■ Extracted entries ■
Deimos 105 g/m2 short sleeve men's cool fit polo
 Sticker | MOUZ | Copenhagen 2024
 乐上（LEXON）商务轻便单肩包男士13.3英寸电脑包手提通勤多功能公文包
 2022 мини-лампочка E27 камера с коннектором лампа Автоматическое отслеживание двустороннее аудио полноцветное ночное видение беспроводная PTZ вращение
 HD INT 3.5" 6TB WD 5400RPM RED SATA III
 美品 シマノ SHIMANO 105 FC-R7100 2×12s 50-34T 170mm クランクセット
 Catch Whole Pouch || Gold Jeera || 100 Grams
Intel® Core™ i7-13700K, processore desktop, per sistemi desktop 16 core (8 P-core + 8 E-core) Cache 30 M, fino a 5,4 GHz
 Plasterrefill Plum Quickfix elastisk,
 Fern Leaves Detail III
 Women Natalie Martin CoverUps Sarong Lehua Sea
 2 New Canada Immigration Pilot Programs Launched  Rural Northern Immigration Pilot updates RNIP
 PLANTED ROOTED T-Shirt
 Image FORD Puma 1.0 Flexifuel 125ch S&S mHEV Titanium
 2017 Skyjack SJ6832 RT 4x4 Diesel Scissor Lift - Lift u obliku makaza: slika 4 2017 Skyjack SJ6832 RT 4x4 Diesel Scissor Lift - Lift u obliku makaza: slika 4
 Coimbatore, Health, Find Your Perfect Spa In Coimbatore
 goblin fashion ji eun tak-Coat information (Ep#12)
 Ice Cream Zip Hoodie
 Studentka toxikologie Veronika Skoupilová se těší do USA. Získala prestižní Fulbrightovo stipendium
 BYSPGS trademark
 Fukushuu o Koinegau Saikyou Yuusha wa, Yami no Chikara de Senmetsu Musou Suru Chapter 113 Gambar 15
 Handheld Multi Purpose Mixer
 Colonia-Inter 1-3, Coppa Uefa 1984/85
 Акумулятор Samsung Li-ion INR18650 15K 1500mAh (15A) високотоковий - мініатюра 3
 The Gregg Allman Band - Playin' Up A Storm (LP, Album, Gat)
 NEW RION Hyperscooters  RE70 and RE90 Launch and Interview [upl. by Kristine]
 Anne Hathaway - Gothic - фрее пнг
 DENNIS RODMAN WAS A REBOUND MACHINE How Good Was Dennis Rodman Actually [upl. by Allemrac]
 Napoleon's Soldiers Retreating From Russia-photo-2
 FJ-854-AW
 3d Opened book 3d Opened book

■ Exercise ■
Taking the records from the top, repeat each line exactly until you have repeated the line that contains "Anne Hathaway - Gothic - фрее пнг".

■ Answer to this exercise ■
Deimos 105 g/m2 short sleeve men's cool fit polo
 Sticker | MOUZ | Copenhagen 2024
 乐上（LEXON）商务轻便单肩包男士13.3英寸电脑包手提通勤多功能公文包
 2022 мини-лампочка E27 камера с коннектором лампа Автоматическое отслеживание двустороннее аудио полноцветное ночное видение беспроводная PTZ вращение
 HD INT 3.5" 6TB WD 5400RPM RED SATA III
 美品 シマノ SHIMANO 105 FC-R7100 2×12s 50-34T 170mm クランクセット
 Catch Whole Pouch || Gold Jeera || 100 Grams
Intel® Core™ i7-13700K, processore desktop, per sistemi desktop 16 core (8 P-core + 8 E-core) Cache 30 M, fino a 5,4 GHz
 Plasterrefill Plum Quickfix elastisk,
 Fern Leaves Detail III
 Women Natalie Martin CoverUps Sarong Lehua Sea
 2 New Canada Immigration Pilot Programs Launched  Rural Northern Immigration Pilot updates RNIP
 PLANTED ROOTED T-Shirt
 Image FORD Puma 1.0 Flexifuel 125ch S&S mHEV Titanium
 2017 Skyjack SJ6832 RT 4x4 Diesel Scissor Lift - Lift u obliku makaza: slika 4 2017 Skyjack SJ6832 RT 4x4 Diesel Scissor Lift - Lift u obliku makaza: slika 4
 Coimbatore, Health, Find Your Perfect Spa In Coimbatore
 goblin fashion ji eun tak-Coat information (Ep#12)
 Ice Cream Zip Hoodie
 Studentka toxikologie Veronika Skoupilová se těší do USA. Získala prestižní Fulbrightovo stipendium
 BYSPGS trademark
 Fukushuu o Koinegau Saikyou Yuusha wa, Yami no Chikara de Senmetsu Musou Suru Chapter 113 Gambar 15
 Handheld Multi Purpose Mixer
 Colonia-Inter 1-3, Coppa Uefa 1984/85
 Акумулятор Samsung Li-ion INR18650 15K 1500mAh (15A) високотоковий - мініатюра 3
 The Gregg Allman Band - Playin' Up A Storm (LP, Album, Gat)
 NEW RION Hyperscooters  RE70 and RE90 Launch and Interview [upl. by Kristine]
 Anne Hathaway - Gothic - фрее пнг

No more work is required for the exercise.